[Opening TASK MATERIAL section]

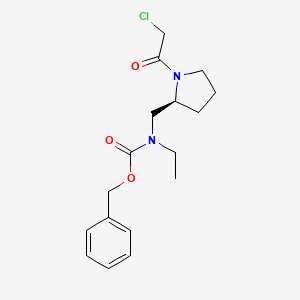 molecular formula C17H23ClN2O3 B7924151 [(S)-1-(2-Chloro-acetyl)-pyrrolidin-2-ylmethyl]-ethyl-carbamic acid benzyl ester 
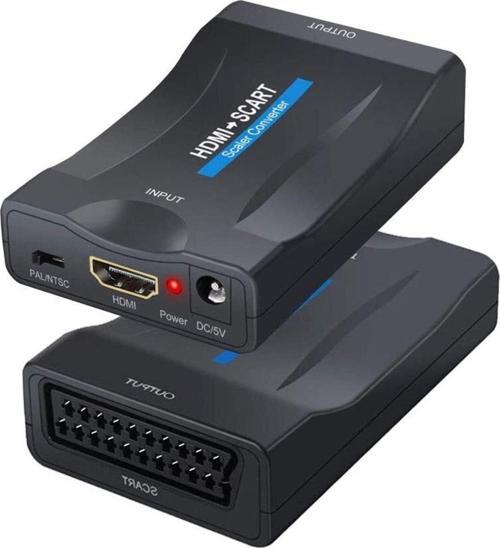 Hdmi To Scart Dönüştürücü Hdmı In Scart Out 1080P Hdmı - Scart Converter Ses Video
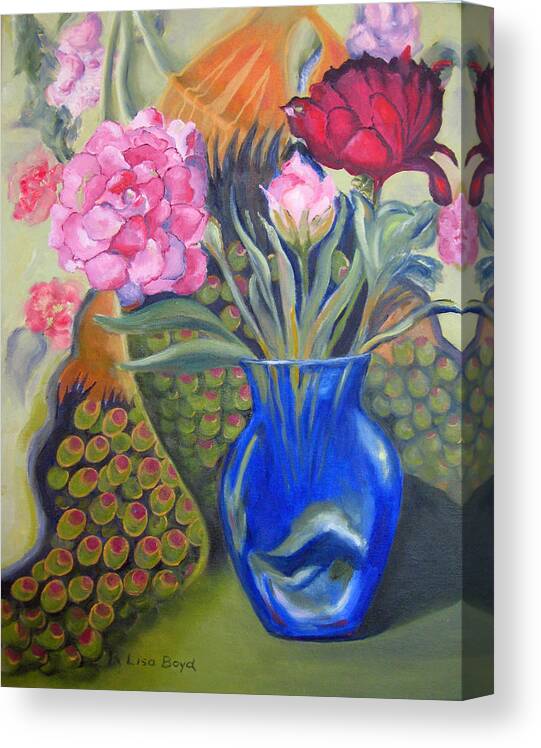 Floral Canvas Print featuring the painting Whimsical Flowers by Lisa Boyd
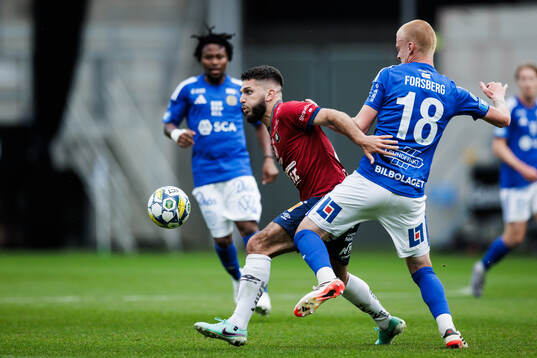 Örgrytes Edi Sylisufaj och GIF Sundsvalls Lucas Forsberg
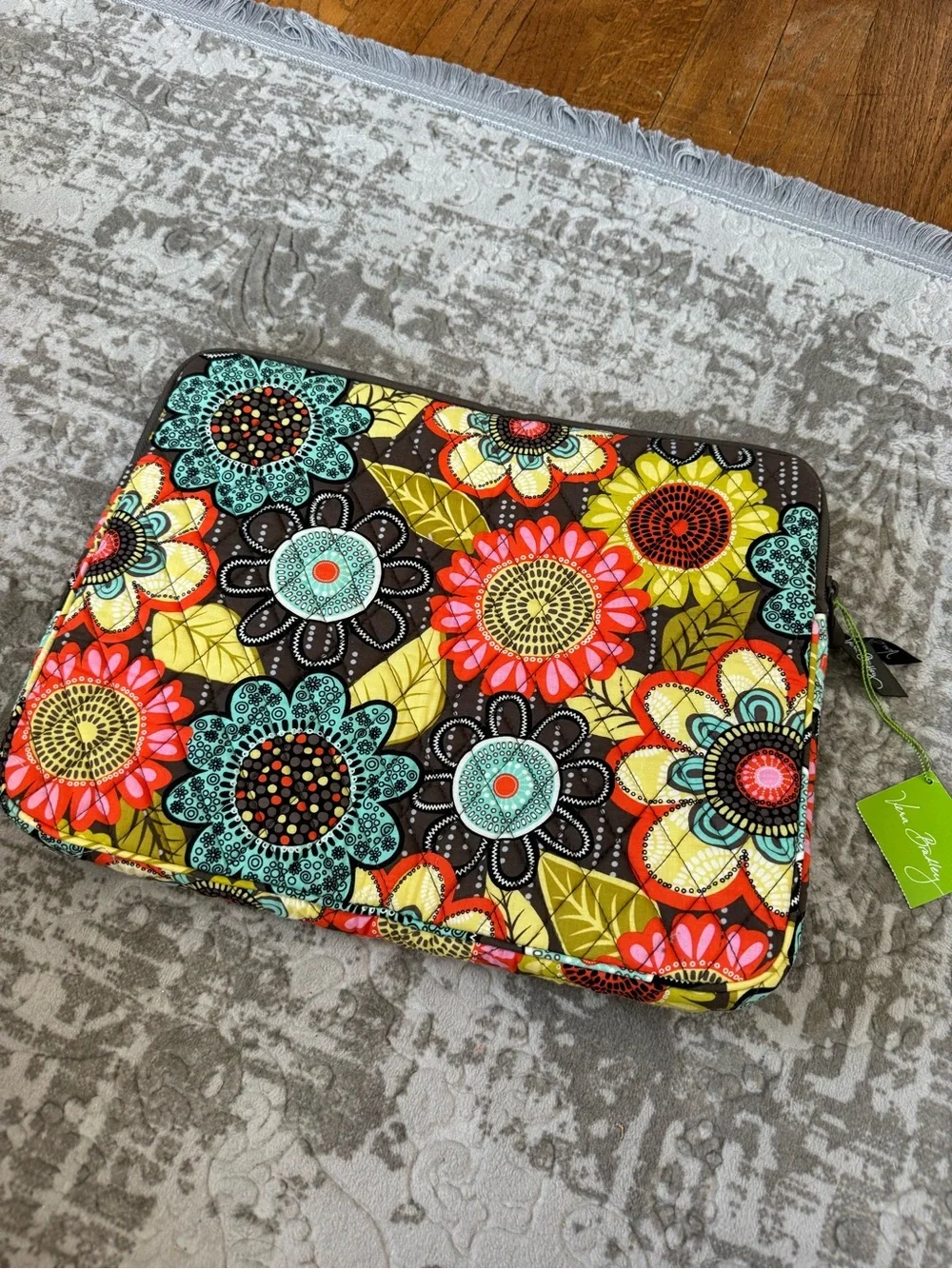 Vera Bradley Laptop Sleeve Flower Shower BNWT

[Closing TASK MATERIAL section]

◆ WORK REQUIRED ◆
Return the full listing exactly as it appears above, without its pictures.

◆ SOLUTION TO THE EXERCISE ◆
 molecular formula C17H23ClN2O3 B7924151 [(S)-1-(2-Chloro-acetyl)-pyrrolidin-2-ylmethyl]-ethyl-carbamic acid benzyl ester 
 Hdmi To Scart Dönüştürücü Hdmı In Scart Out 1080P Hdmı - Scart Converter Ses Video
 Floral Canvas Print featuring the painting Whimsical Flowers by Lisa Boyd
 Örgrytes Edi Sylisufaj och GIF Sundsvalls Lucas Forsberg
 Vera Bradley Laptop Sleeve Flower Shower BNWT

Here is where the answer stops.